ARM11 microarchitecture - Sand, software and sound

This page is a very brief summary of the Broadcom BCM2835 microarchitecture. Processor microarchitecture has many important effects on program performance. A well-tuned program should make good use of the underlying microarchitecture and should avoid known performance pitfalls.

The Raspberry Pi uses the Broadcom BCM2835 system on a chip (SoC). The Raspberry Pi model B has 512MB of primary memory (RAM). Clock speed is 700MHz. The Broadcom BCM2835 is the specific implementation of an ARM11 processor.

The CPU core is the ARM1176JZF-S which is a member of the ARM11 family (ARMv6 architecture with floating point). The GPU is a Videocore IV GPU.

Overview

The source for the information in the following sections is the ARM1176JZF-S Technical Reference Manual (TRM). Please see this manual for additional details (especially if you’re a compiler guy).

Generally, the features of the ARM1176JZF-S core are:

- Eight stage pipeline
- Internal coprocessors CP14 and CP15
- Three instructions sets
  - 32-bit ARM instruction set (ARM state)
  - 16-bit Thumb instruction set (Thumb state)
  - 8-bit Java bytecodes (Jazelle state)

- Datapath consist of three pipelines:
  - ALU, Shift, Sat pipeline (Sat implements saturation logic)
  - MAC pipeline (MAC executes multiply and multiply-accumulate operations)
  - Load or store pipeline

The ARM1176 is a single issue machine, that is, one instruction is issued at a time. This constraint simplifies the issue logic. The ARM1176 doesn’t implement complicated issue rules to determine whether two or more instructions of certain types can issue in the same cycle. Instructions are issued in-order, but out-of-order completion is allowed. Out-of-order completion increases exploitable fine-grained parallelism.

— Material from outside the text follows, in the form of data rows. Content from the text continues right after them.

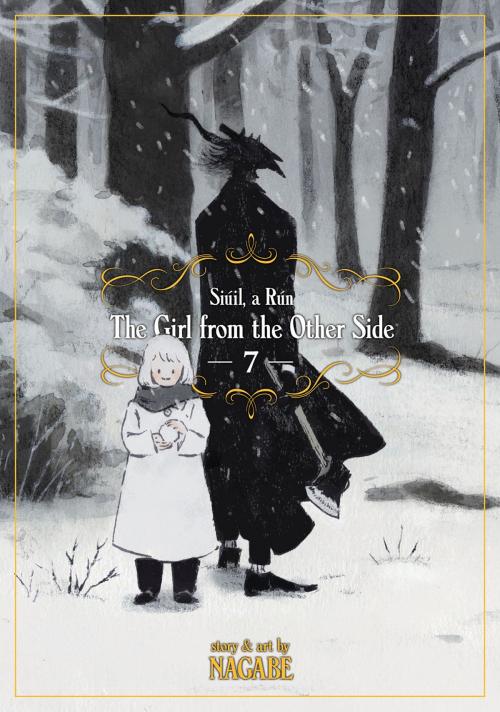 Cover of the book The Girl From the Other Side: Siúil, a Rún Vol. 7 by Nagabe, Seven Seas Entertainment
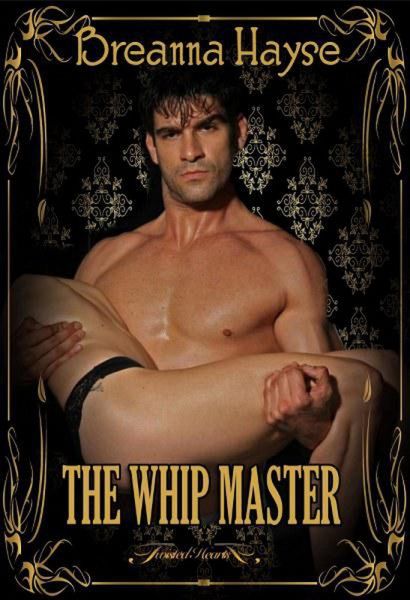 The Whip Master (Maids of Graye, #1) (eBook, ePUB) The Whip Master (Maids of Graye, #1) (eBook, ePUB)
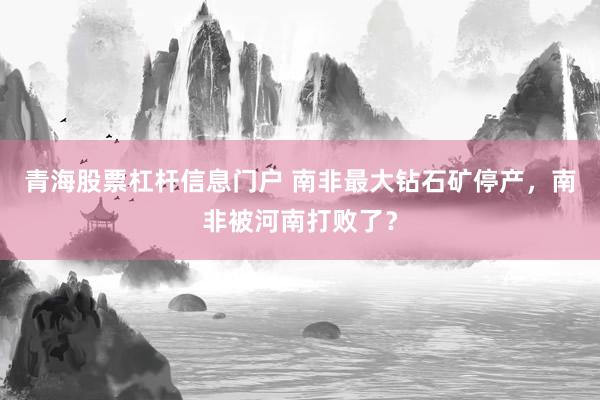 青海股票杠杆信息门户 南非最大钻石矿停产，南非被河南打败了？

Nearly all ARM instructions can be predicated. An enabling condition (a predicate) can be defined for an instruction. The enabling condition gates the execution of the instruction. Predication can be used to eliminate branches.

Prefetch unit / branch prediction

The prefetch unit fetches instructions and performs branch prediction. Prefetching keeps the execution pipelines busy by following the (predicted) program control flow and fetching instructions. Prefetching is a definite performance win in straight line code (no branches) because instructions are read sequentially from memory, issued and executed.

Branches disrupt straight line control flow and sequential access. The prefetch unit tries to follow the control flow through the branch instructions in order to maintain a steady flow of instructions into the execution pipelines. Conditional branches are particularly troublesome because the branch direction (taken or not taken) isn’t known with certainty until the condition is evaluated. The prefetch unit tries to predict the flow out of conditional branches using branch prediction.

When prediction is accurate, the execution pipelines stay busy. Trouble arises, however, when a branch is mispredicted. Any instructions which are along the wrong, mispredicted path must be discarded (flushed) from the pipeline. Then, fetching must start along the correct control path, a process which is often called “redirection.” Since the pipeline is deep (8 stages), the branch penalty is high when the control flow is mispredicted. A lot of unnecessary work needs to be discarded. Thus, computer architects work hard to design and implement accurate branch prediction. Your program can help the branch predictor by strongly (consistently) favoring one of the two control paths leading out of conditional branches (if-then-else decisions).

Two levels of prediction (static and dynamic branch prediction) are performed. Dynamic branch prediction is the first level of prediction. Dynamic prediction makes use of branch history. It consists of a 128-entry Branch Target Address Cache (BTAC). The BTAC is a virtually addressed, direct mapped cache. Each BTAC entry holds a virtual target address and 2-bit branch history. If the PC of a branch matches a BTAC entry, the branch history and target address are used to redirect the instruction fetch stream.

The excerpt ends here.